S&P a procédé à une baisse de la note du Sénégal, la faisant passer de B à B-, ce qui place le pays à son niveau le plus faible depuis le début des évaluations par l’agence en 2000. La décision a été motivée par la constatation d’un endettement supérieur aux prévisions, avec un ratio dette/PIB qui aurait bondi à 119 % en 2024, selon les dernières données budgétaires citées par Barclays. Ce chiffre dépasse largement les 99,7 % annoncés pour 2023, ce qui accentue le contexte de fragilité financière.

La récente audit des finances publiques, menée par l’administration du président Bassirou Diomaye Faye, a notamment révélé des manipulations comptables effectuées par le précédent gouvernement dirigé par Macky Sall. Ces révélations ont conduit le Fonds monétaire international (FMI) à suspendre en octobre dernier le programme d’aide financière de 1,8 milliard de dollars destiné au Sénégal. La suspension a été une réaction à la découverte de pratiques comptables douteuses qui ont fragilisé la crédibilité financière du pays.

Cependant, les discussions entre le Ghana et le FMI se poursuivent, et celles-ci ont été qualifiées de « constructives » par le ministère des Finances. Selon Marco Ruijer, gestionnaire de portefeuille chez William Blair Investment Management, « beaucoup de mauvaises nouvelles sont déjà connues et ont déjà été prises en compte dans les prix du marché, donc la dégradation elle-même n’a peut-être pas été une surprise totale ». Ces propos reflètent une certaine résilience des investisseurs face aux turbulences.

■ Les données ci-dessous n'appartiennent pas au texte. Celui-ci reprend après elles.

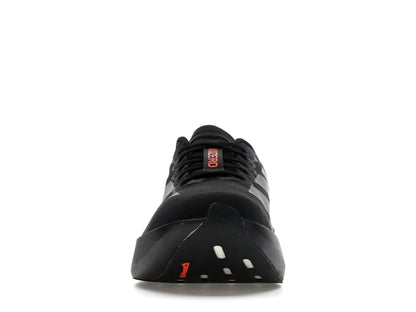 adidas Adizero Evo SL Black Grey Impact Orange (Women's)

Le processus de rebasage du PIB, en préparation depuis un certain temps, doit permettre d’obtenir une image plus fidèle de la taille réelle de l’économie sénégalaise, a indiqué le ministère des Finances dans une communication par courriel en réponse à la dégradation de S&P. En ajustant la base statistique, cette opération pourrait mécaniquement améliorer certains ratios d’endettement, en augmentant la valeur estimée du PIB.

Marco Ruijer a souligné que « cela pourrait potentiellement améliorer certains indicateurs de la dette et ouvrir la voie à l’obtention d’un nouveau programme avec le FMI », en faisant référence à cette opération de rebasage. Toutefois, malgré cet optimisme, le Sénégal doit faire face à des besoins de financement exceptionnels estimés à environ 2 milliards de dollars, tel qu’indiqué dans le projet de loi de finances pour 2025. La suspension du programme du FMI a encore restreint ses accès aux marchés internationaux de capitaux, contraignant le pays à se tourner vers des emprunts plus coûteux et à chercher des fonds auprès du marché régional ouest-africain des valeurs mobilières (BRVM).

L’agence d’évaluation justifie sa récente décision en soulignant que « malgré des perspectives de croissance encore solides », la situation budgétaire du Sénégal est désormais perçue comme plus fragile. Selon S&P, cette vulnérabilité rendrait les finances publiques sénégalaises plus exposées aux chocs économiques ou financiers futurs. En conséquence, l’agence estime que la dette du pays atteindra désormais 118 % du PIB pour l’année 2024.

Malgré ces préoccupations, le ministère des Finances a insisté sur le fait que le Sénégal a réussi à mobiliser « des ressources substantielles » auprès de partenaires étrangers ainsi que sur le marché obligataire local depuis le début de l’année. Cela témoigne, selon eux, d’une certaine confiance de la part des investisseurs, en dépit des turbulences économiques et financières qui secouent actuellement le pays.